* _Directions_:
Repeat all the lines below exactly, but omit the pictures.

* _Given information_:
==================================================
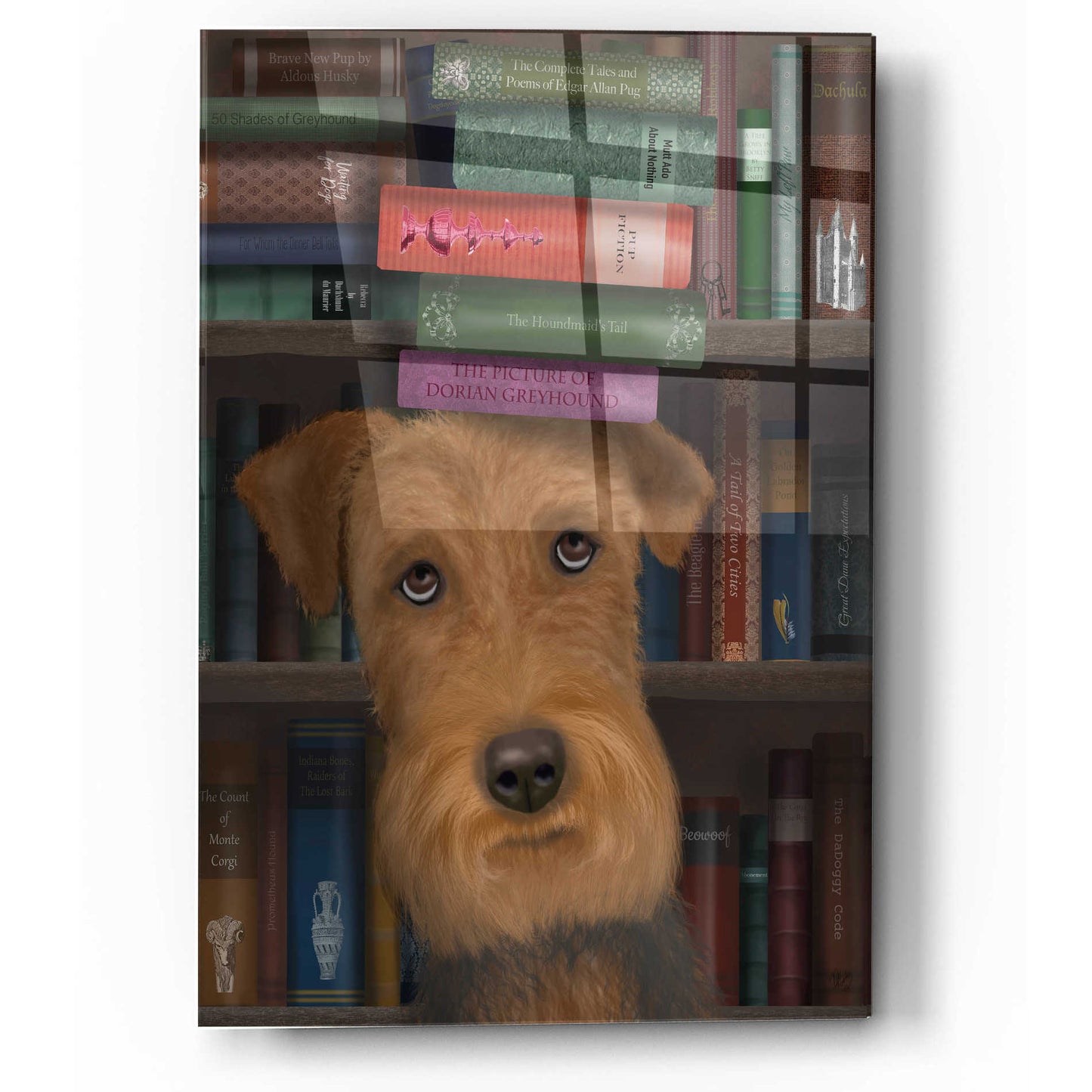 Epic Art 'Airedale and Books' by Fab Funky, Acrylic Glass Wall Art,12x16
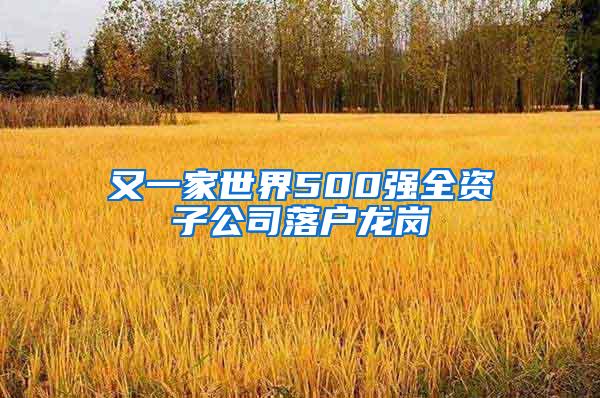 又一家世界500强全资子公司落户龙岗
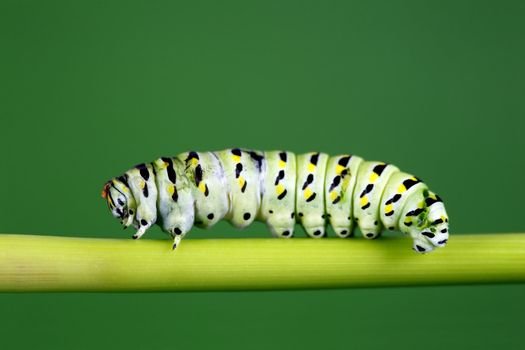 A macro shot of a caterpillar (swallowtail butterfly larva) walking along a plant stem.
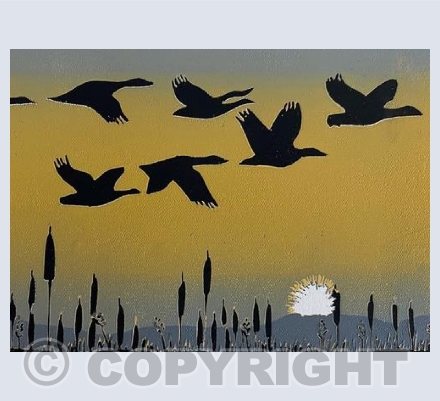 Migration II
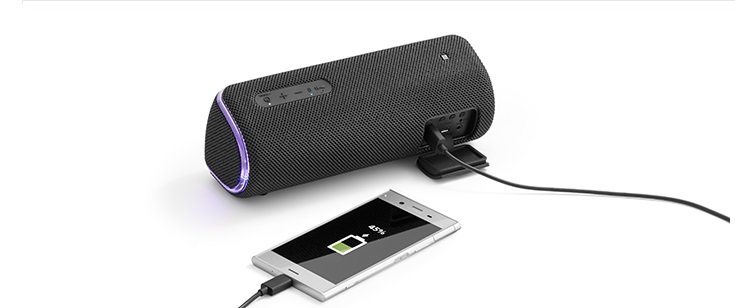 Głośnik mobilny SONY SRS-XB31 - bateria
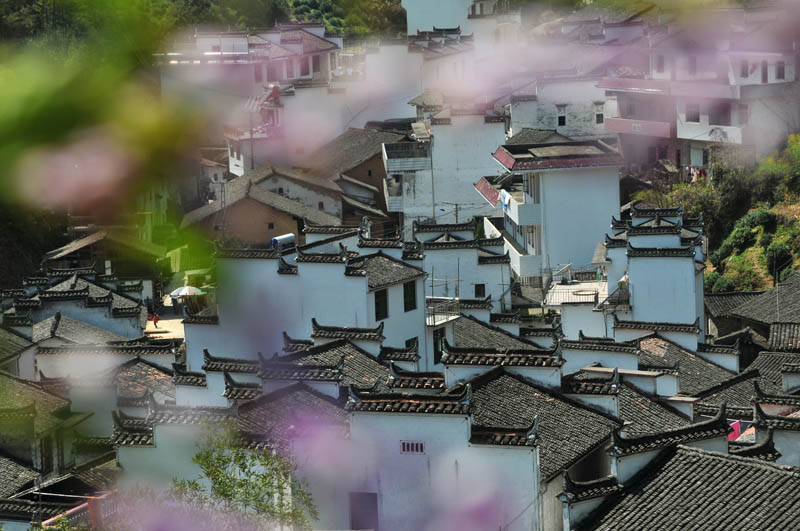 在婺源，在花海，在路上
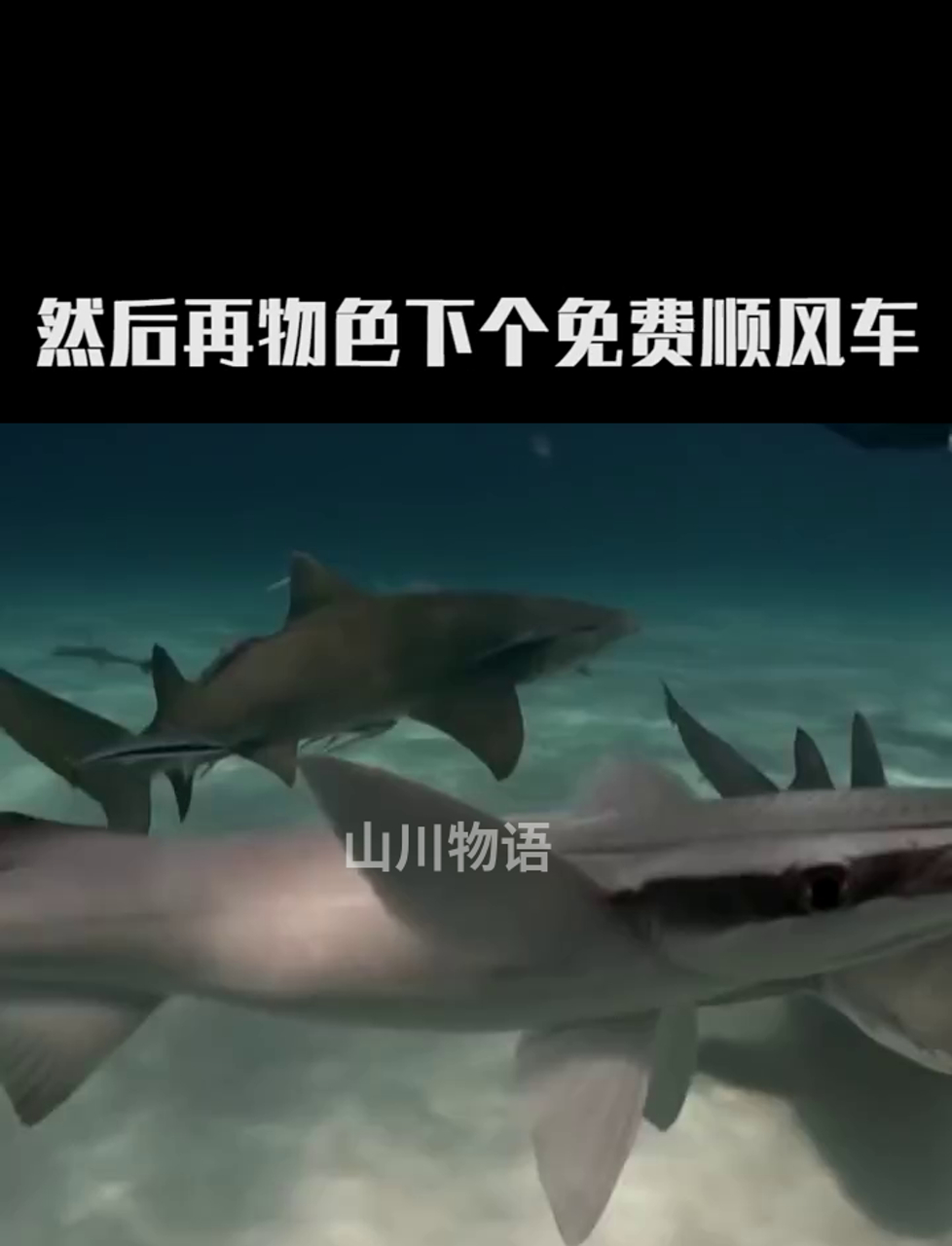这鱼长得跟鞋印似的,还带吸盘呢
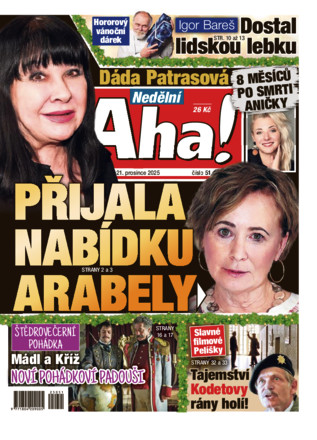 Nedělní Aha! - ePaper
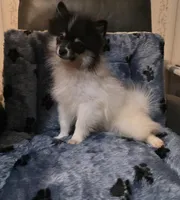 Sweet Boy, a male Pomeranian for sale in Albany, OR – Photo 2 of 6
==================================================
* _Reply to the exercise_:
 Epic Art 'Airedale and Books' by Fab Funky, Acrylic Glass Wall Art,12x16
 又一家世界500强全资子公司落户龙岗
 A macro shot of a caterpillar (swallowtail butterfly larva) walking along a plant stem.
 Migration II
 Głośnik mobilny SONY SRS-XB31 - bateria
 在婺源，在花海，在路上
这鱼长得跟鞋印似的,还带吸盘呢
 Nedělní Aha! - ePaper
 Sweet Boy, a male Pomeranian for sale in Albany, OR – Photo 2 of 6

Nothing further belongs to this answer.